| Assignment |
Pictures must not appear in the copy. Restate exactly the lines below from the one with "Bague SOLITAIRE à" through the one with "9199, Yonge, Langstaff, Richmond Hill", inclusive.

| The records |
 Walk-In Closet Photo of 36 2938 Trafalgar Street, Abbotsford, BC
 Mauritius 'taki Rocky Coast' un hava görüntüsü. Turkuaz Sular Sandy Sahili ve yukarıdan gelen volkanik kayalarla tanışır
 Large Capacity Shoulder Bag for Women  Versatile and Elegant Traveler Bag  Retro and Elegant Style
...
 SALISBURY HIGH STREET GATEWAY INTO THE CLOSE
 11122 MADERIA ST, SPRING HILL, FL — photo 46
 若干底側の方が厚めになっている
...
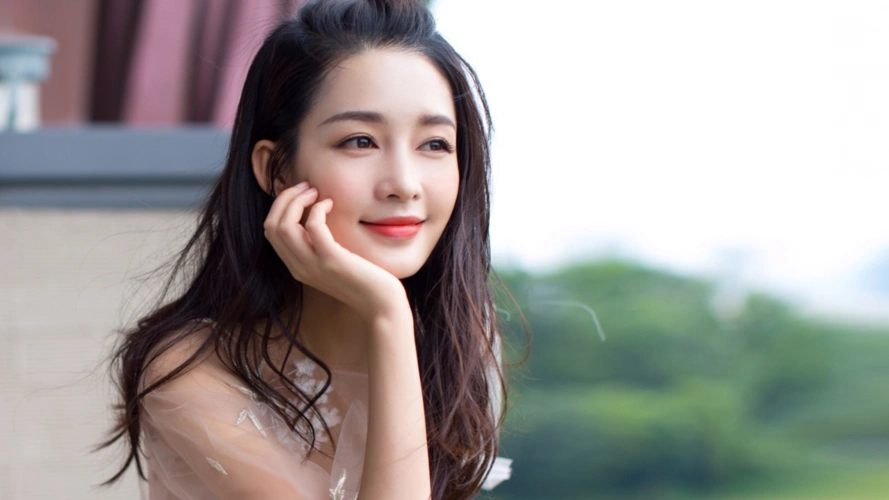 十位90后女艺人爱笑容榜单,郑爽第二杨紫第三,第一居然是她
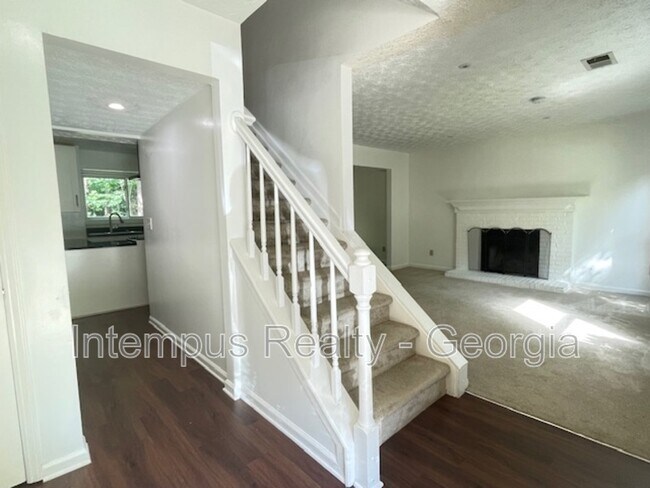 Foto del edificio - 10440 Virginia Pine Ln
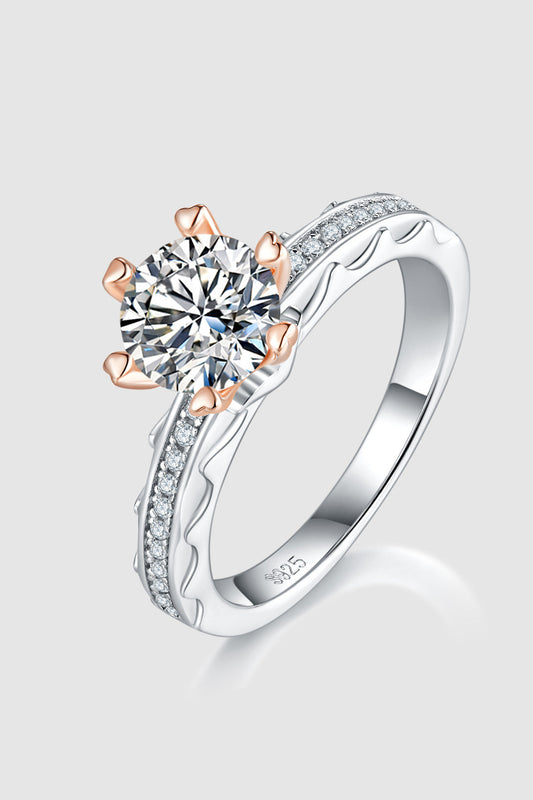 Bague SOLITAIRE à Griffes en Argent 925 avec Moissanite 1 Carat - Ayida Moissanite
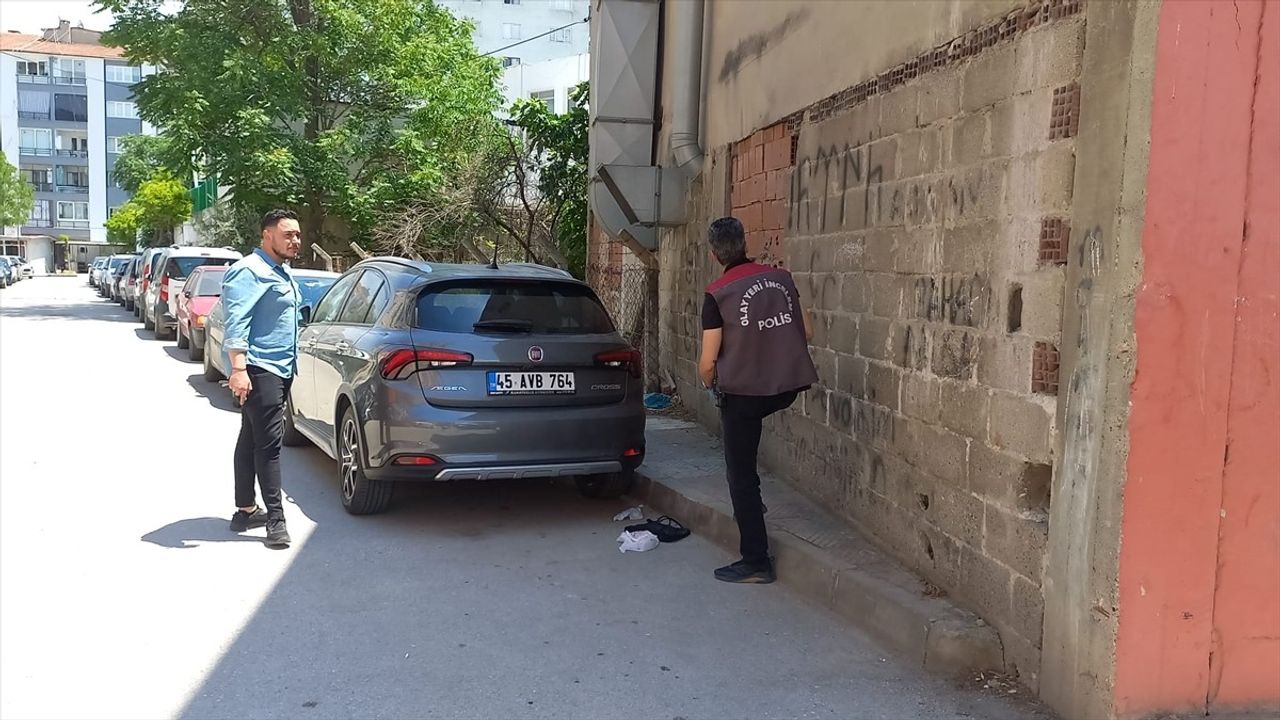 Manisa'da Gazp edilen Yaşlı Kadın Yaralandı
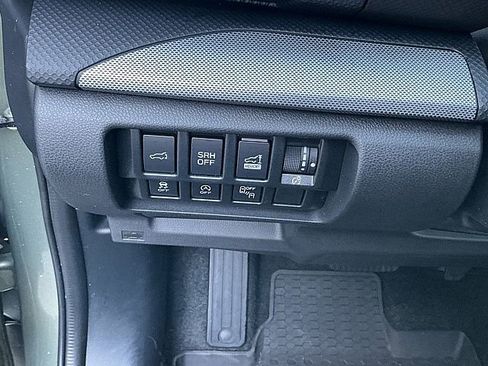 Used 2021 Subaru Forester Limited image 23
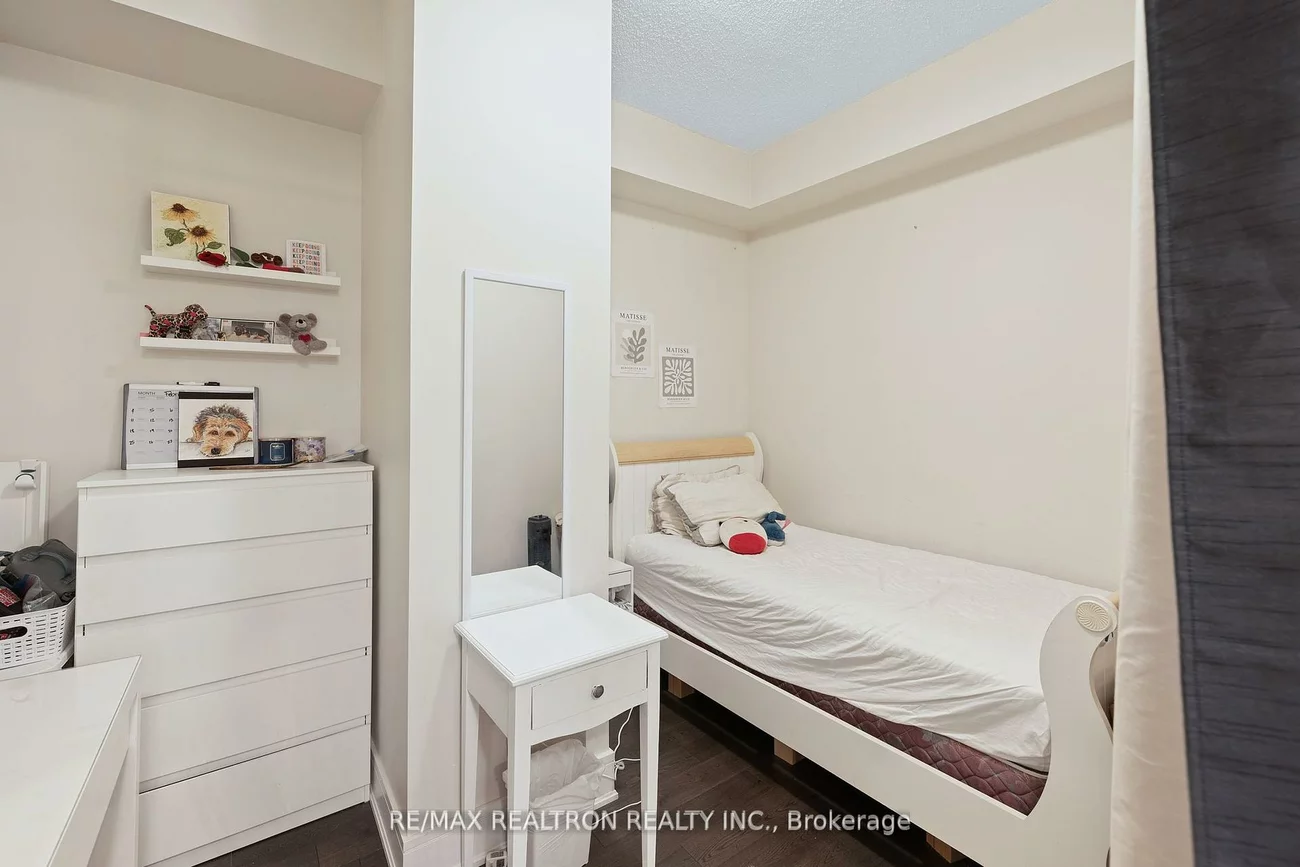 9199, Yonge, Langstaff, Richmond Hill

| Reply |
 Bague SOLITAIRE à Griffes en Argent 925 avec Moissanite 1 Carat - Ayida Moissanite
 Manisa'da Gazp edilen Yaşlı Kadın Yaralandı
 Used 2021 Subaru Forester Limited image 23
 9199, Yonge, Langstaff, Richmond Hill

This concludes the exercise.